(Beginning of DATA SECTION)
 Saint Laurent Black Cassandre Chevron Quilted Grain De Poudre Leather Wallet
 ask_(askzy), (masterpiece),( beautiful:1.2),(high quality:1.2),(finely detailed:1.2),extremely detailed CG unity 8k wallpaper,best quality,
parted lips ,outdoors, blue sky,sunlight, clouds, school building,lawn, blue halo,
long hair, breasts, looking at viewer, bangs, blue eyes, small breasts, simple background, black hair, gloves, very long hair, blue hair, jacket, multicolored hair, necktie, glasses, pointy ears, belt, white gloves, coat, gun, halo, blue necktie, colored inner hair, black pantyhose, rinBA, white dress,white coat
(End of DATA SECTION)
YOUR INSTRUCTIONS: Please transcribe all of the data above exactly.

WRITTEN SOLUTION:
 Saint Laurent Black Cassandre Chevron Quilted Grain De Poudre Leather Wallet
 ask_(askzy), (masterpiece),( beautiful:1.2),(high quality:1.2),(finely detailed:1.2),extremely detailed CG unity 8k wallpaper,best quality,
parted lips ,outdoors, blue sky,sunlight, clouds, school building,lawn, blue halo,
long hair, breasts, looking at viewer, bangs, blue eyes, small breasts, simple background, black hair, gloves, very long hair, blue hair, jacket, multicolored hair, necktie, glasses, pointy ears, belt, white gloves, coat, gun, halo, blue necktie, colored inner hair, black pantyhose, rinBA, white dress,white coat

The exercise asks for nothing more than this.